Records from a data source
******************************
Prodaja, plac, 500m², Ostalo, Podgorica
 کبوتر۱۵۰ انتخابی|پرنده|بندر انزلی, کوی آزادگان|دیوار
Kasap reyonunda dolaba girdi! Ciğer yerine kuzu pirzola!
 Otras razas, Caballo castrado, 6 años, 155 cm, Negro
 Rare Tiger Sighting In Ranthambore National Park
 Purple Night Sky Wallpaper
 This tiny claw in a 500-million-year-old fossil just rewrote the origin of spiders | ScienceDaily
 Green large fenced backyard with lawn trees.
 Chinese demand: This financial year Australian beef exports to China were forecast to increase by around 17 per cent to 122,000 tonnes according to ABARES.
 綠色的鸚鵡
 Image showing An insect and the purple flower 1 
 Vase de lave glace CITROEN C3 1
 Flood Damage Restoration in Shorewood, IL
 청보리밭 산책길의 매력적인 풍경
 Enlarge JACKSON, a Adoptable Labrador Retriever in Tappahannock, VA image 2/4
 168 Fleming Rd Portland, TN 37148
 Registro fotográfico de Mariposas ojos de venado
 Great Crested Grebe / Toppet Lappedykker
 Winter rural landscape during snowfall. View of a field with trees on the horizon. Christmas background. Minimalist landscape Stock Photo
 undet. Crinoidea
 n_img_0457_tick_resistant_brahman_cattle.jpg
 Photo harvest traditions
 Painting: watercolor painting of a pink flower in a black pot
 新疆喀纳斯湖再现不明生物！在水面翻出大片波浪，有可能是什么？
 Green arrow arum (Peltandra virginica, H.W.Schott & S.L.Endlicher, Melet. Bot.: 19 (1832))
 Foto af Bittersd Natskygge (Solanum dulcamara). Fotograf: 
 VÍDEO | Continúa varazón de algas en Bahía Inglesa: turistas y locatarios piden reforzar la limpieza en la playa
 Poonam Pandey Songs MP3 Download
******************************
What the task requires
Show each line in the entries that holds the string "Green".

Your solution
 Green large fenced backyard with lawn trees.
 Green arrow arum (Peltandra virginica, H.W.Schott & S.L.Endlicher, Melet. Bot.: 19 (1832))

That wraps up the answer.